▶ **Your task**:
Going through the material below, output exactly the lines from the one containing "Wall mural Happy" through the one containing "pile of bath towels on a table", and no pictures.

══ Excerpted data ══

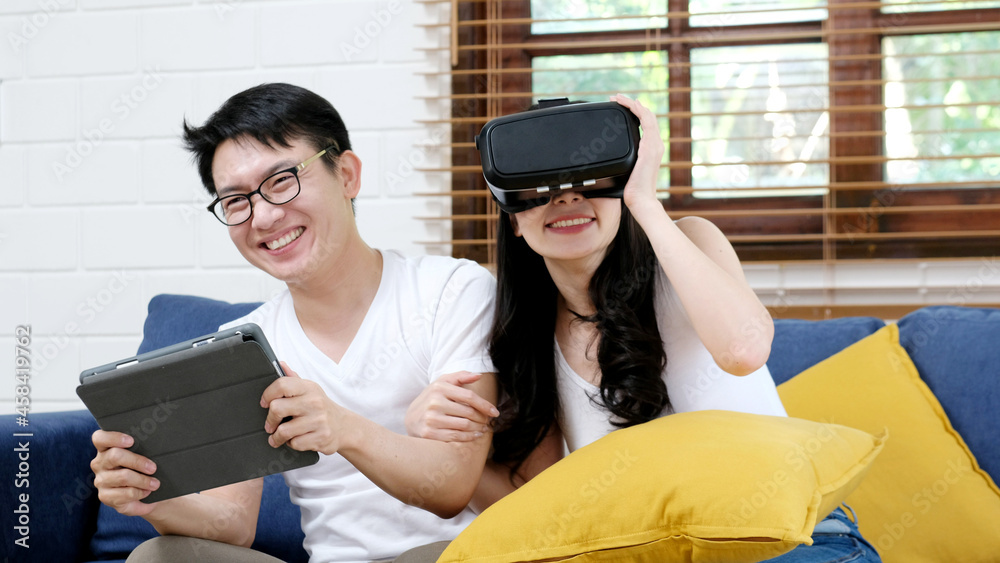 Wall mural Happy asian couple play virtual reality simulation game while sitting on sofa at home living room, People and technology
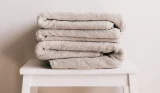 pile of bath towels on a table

═══
══ Excerpted data ══

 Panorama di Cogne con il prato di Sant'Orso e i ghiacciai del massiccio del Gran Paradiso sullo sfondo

═══

▶ **Completed task**:
 Wall mural Happy asian couple play virtual reality simulation game while sitting on sofa at home living room, People and technology
 pile of bath towels on a table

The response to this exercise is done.